Description of Reader's Digest Czech/English Corpus
---------------------------------------------------

Files are of SGML-format (DTD PCDoc).

Location of files:
  *c.pcd   ... Czech part of the corpus
  *e.pcd   ... English part of the corpus

Each document starts with markup <doc> and ends with </doc>.

Description of other markups follows:

<p> ..... begin of the paragraph

<s> ..... begin of the sentence [<s id=pXsY>, where X is a paragraph index and
    Y is a sentence index]
<\s> .... end of the sentence

<ccs> ... delimiter of automatically aligned passages (the set of sentences).
    The count of <ccs> is the same for both languages. [<ccs id=X align=A-B>,
    where X is a passage index, A-B is (this language)-to-(second language)
    sentence count in the passage. <ccs id=X align=A-B test> are passages
    marked for test purposes]
<\ccs> .. end of aligned passage

<f> ..... the original word form and its annotation:
          <l> .... lemma (base form) as defined by morphology
          <t> .... morphological tag as assigned automatically, see
              the description of a morphological tag at the end of this file. 
      There are four possible attributes of the mark <f>:
        cap .... the first letter of the word is uppercase 
        upper .. all letters are uppercase
        num .... the word is the number
        mixed .. the word includes both characters and numbers

      other annotation:
          <o> .... different tagset (for English)
          <Ct> ... set of possible tags (for English)
          <r> .... node number assigned to this word (Czech part only)
          <g> .... number of the node governing this node, automatically
	      assigned by Statistical parser for Czech (Czech part only)

<d> ..... delimiter (';',':',',','.', etc.) and automatically assigned
       tag, after <t>.
								       
<D> ..... means that there was no space in original text.

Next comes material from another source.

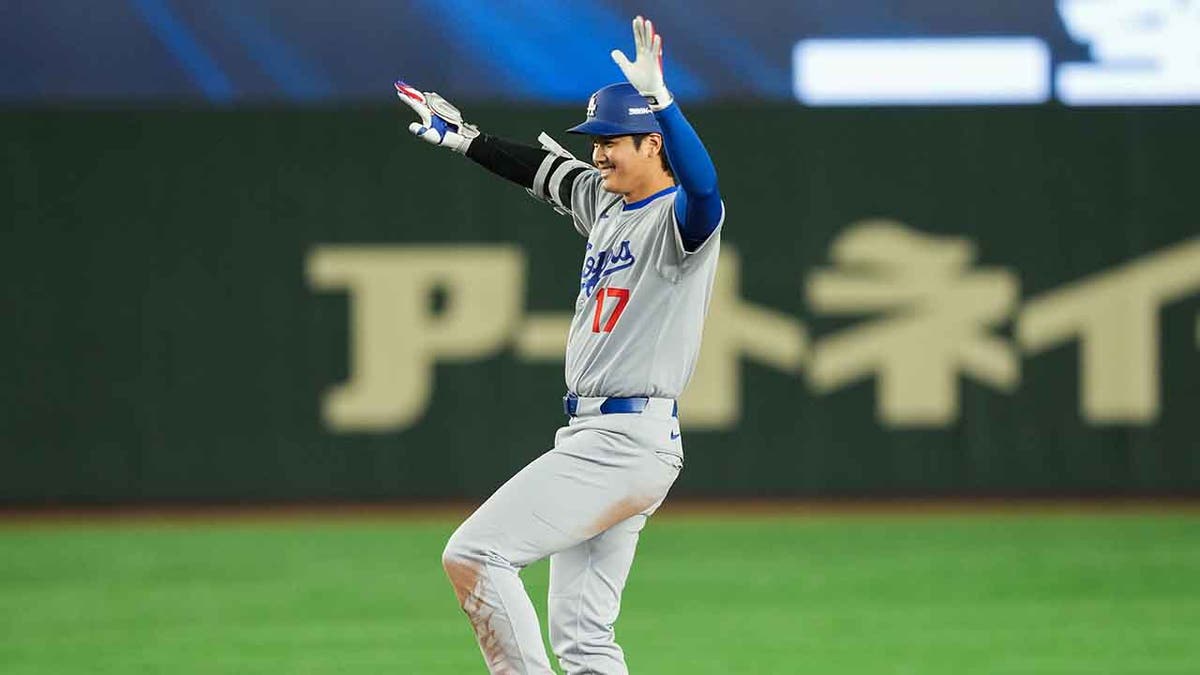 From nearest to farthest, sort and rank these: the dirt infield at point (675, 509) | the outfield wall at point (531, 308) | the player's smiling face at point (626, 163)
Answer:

 See DTD PCDoc (file PCDoc.DTD) for details.

*****************************************************************
Brief description of morphological tags

For Czech:

There are 13 morphological categories in Czech. Tag is a sequence of
these categories, each represented by a single character.

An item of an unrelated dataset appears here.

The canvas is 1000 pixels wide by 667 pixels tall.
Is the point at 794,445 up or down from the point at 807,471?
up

Morphological categories and their values:
1) part of speech (values: noun (N), verb (V), adjective (A), pronoun
  (P), adverb (D), numeral (C), preposition (R), conjunction (J),
  interjection (I), particle (T), punctuation (Z), and "undefined" (X)).
2) subpart of speech - contains details about the major POS.
3) gender (masculinum animate (M), masculinum inanimate (I), feminine
  (F), neuter (N), any of them (X), M or I (Y) ...)
4) number (singular (S), plural (P), dual (D), both S and P (X))
5) case (seven grammatical cases: nominative (1), genitive (2), dative
  (3), accusative (4), vocative (5), locative (6), instrumental (7),
  any (X))
6) possessor's gender
7) possessor's number
8) person (1st (1), 2nd (2), 3rd (3))
9) tense (verb tense)
10) degree of comparison (positive (1), comparative (2), superlative (3))
11) negation (affirmative (A)/negative (N))
12) voice (active (A)/passive (P))
13) variant/register


For English:

Tagging of the English part corresponds to WSJ tagging.

The first character indicates the part of speech (values: noun (N), verb (V), 
  adjective (A), pronoun (P), ... , and "undefined" (X)).